No pictures go into the copy. Write out every line below exactly.
(Raw data begins)
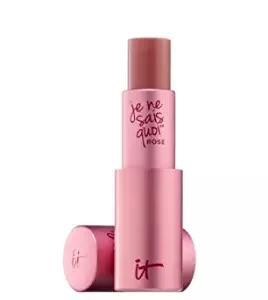 IT COSMETICS Je Ne Sais Quoi™ Hydrating Color Awakening Lip Treatment ("Rose")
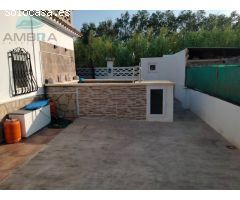 CHALET A 300 METROS DE LA PLAYA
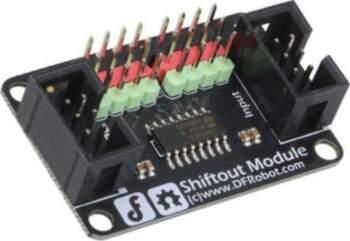 DFROBOT Module robotics: expander; 5VDC; IC:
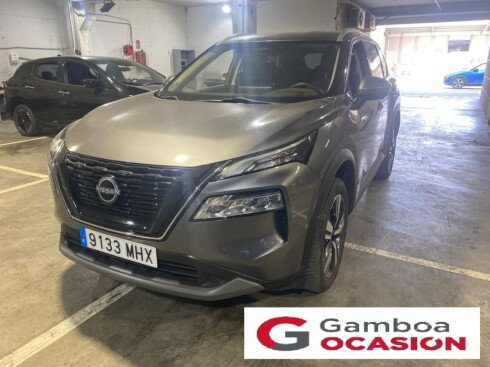 Nissan Nissan X-Trail 5pl 1.5 e-POWER 152kW 4x2 A/T N-Connecta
(Raw data ends)
[Reply]:
 IT COSMETICS Je Ne Sais Quoi™ Hydrating Color Awakening Lip Treatment ("Rose")
 CHALET A 300 METROS DE LA PLAYA
 DFROBOT Module robotics: expander; 5VDC; IC:
 Nissan Nissan X-Trail 5pl 1.5 e-POWER 152kW 4x2 A/T N-Connecta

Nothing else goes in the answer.